Monuments Men Is Dull as Stone

Clooney's war romp fails to charm critics
By Kevin Spak,  Newser Staff
Posted Feb 7, 2014 1:42 PM CST

It's safe to say critics would not venture into a war zone to save the last copy of The Monuments Men. George Clooney's latest outing as a writer/director/star is being widely panned as boring, shallow, and disjointed. Here's what they're saying:

  • The Monuments Men is a "dull slog" that "refuses to give in to the adventure underpinnings of the material," complains Rene Rodriguez at the Miami Herald. "The fact that the movie opens and closes with lectures, complete with slideshow presentations, is not an accident." What's more, it barely deals with "the question at the forefront of the viewers' mind—with all the atrocities that took place during the war, could the loss of life for protecting a statue be justified?"
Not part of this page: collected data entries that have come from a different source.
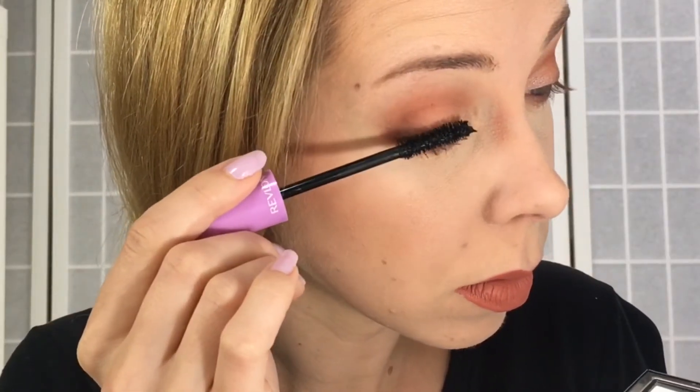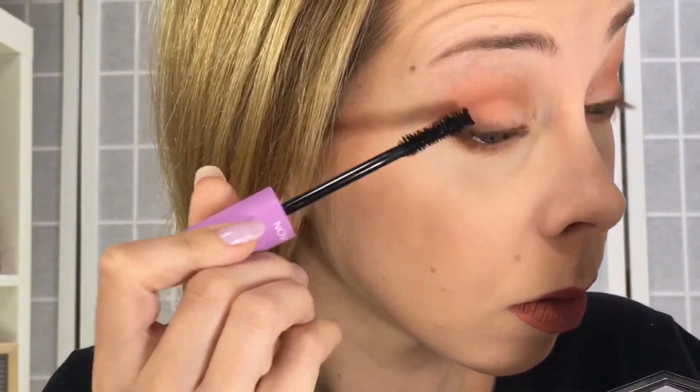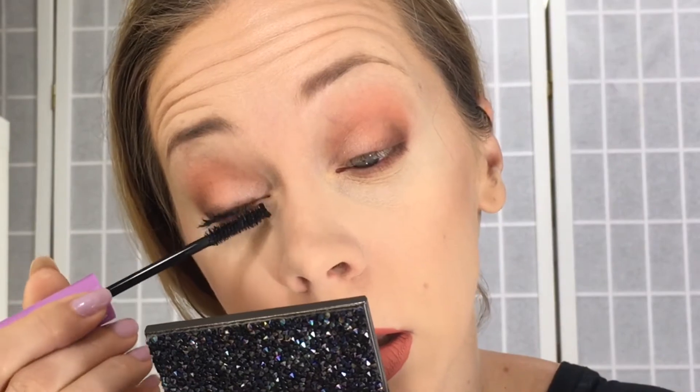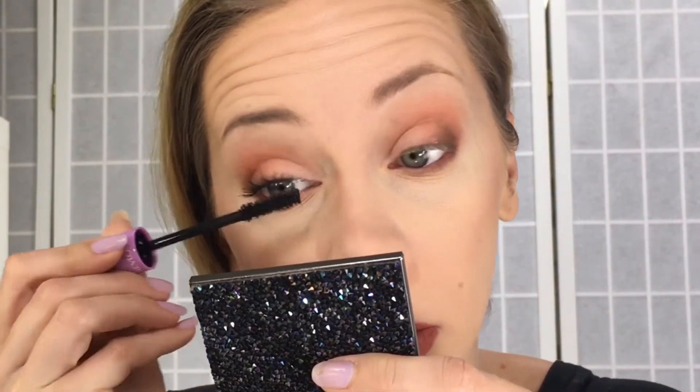It did a nice job of coating the lashes. I got some on my lid as always. It's not a super liquidy formula — it's not flicking all over the place. That's one coat. Let's see if we can build it up. Here's two coats — I'm going to go for three to see how buildable this is.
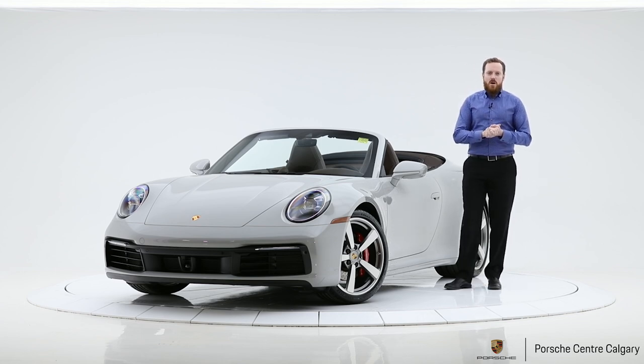Certainly come down and check out this car. My name again is Andy Hayter with Porsche Centre Calgary. This car is just a hair over $200,000, but it's worth every penny. Thanks for tuning in, and please don't hesitate to click like and subscribe.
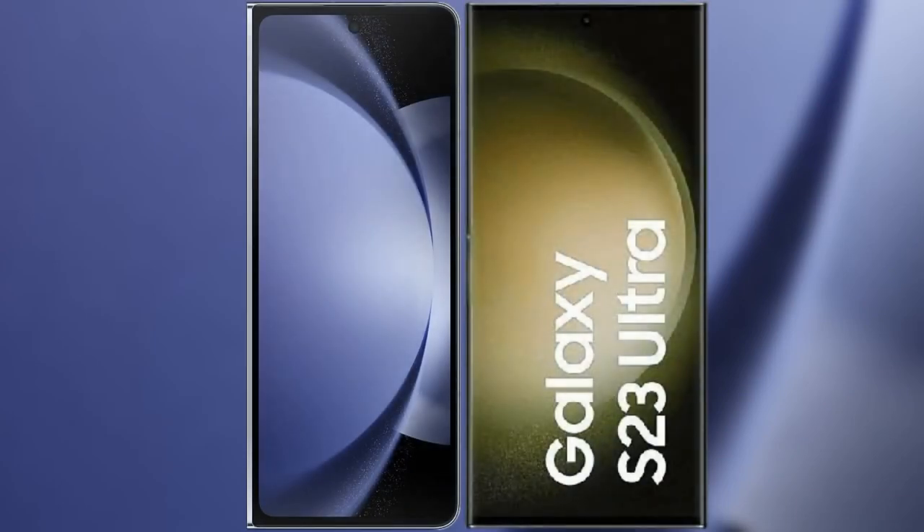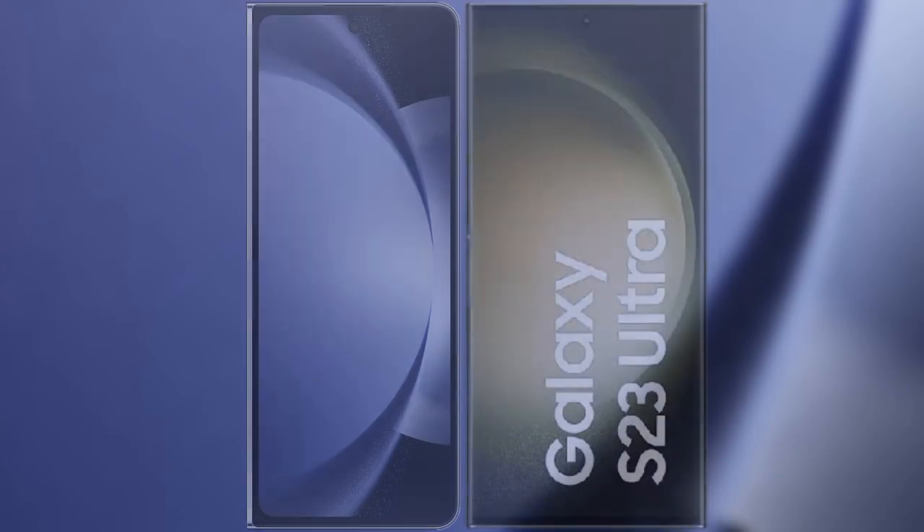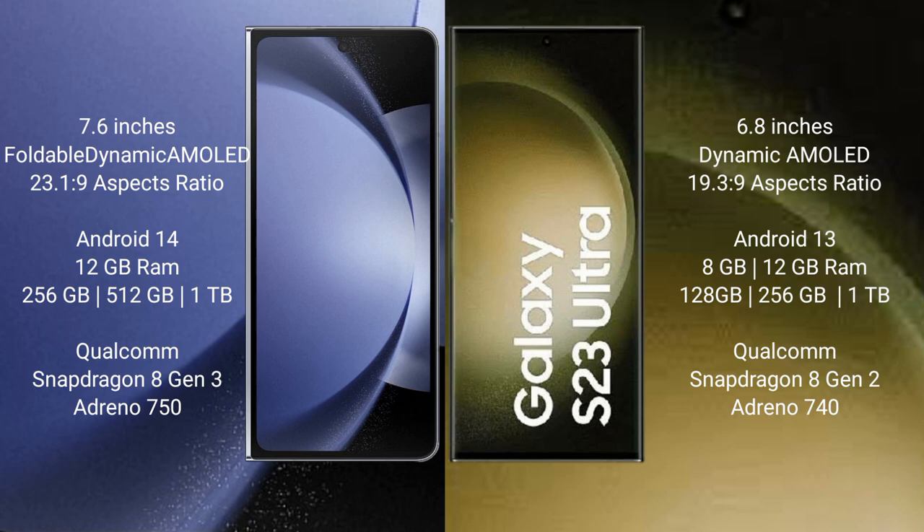I will compare the new Samsung Galaxy Z Fold 6 with Samsung Galaxy S23 Ultra. Samsung Galaxy Z Fold 6 comes with a 7.6-inch foldable dynamic AMOLED display and a 6.3-inch cover display at 23.1:9 aspect ratio. Samsung Galaxy S23 Ultra comes with a 6.8-inch dynamic AMOLED display at 19.3:9 aspect ratio.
  • "Sequences of the jocular male bonding we expect from director-star George Clooney collide with grave tales of war’s sacrifice and civics-lesson lectures on art’s cultural necessity," writes Chris Vognar at the Dallas Morning News. "None of it is particularly terrible; small pieces are quite compelling." But it lacks vision, cohesion, and urgency. "The movie feels a scattered as the Rembrandts, Picassos, and other art jewels strewn throughout Germany."
  • Manohla Dargis at the New York Times is indignant on the historical Monuments Men's behalves. "Monuments Men slices off a sliver of a great World War II story and turns it into a lightweight entertainment that doesn't ask you to think too hard," she writes. The real squad was a staggering collection of geniuses. Clooney "turns them into pleasantly innocuous caricatures." They might as well be called Cutie, Goofy, Starchy, Boozy, Frenchy, and Jewish Guy.
  • But Mick LaSalle at the San Francisco Chronicle appreciated the movie's throwback style. "The movie has a certain gallantry and a spring in its step that's retro, appealing, and ever-so-slightly phony," he writes. Its plot is besides the point. "Mainly, it's just a series of incidents, there to remind you of the sacrifices of good people and of the importance of art in human civilization."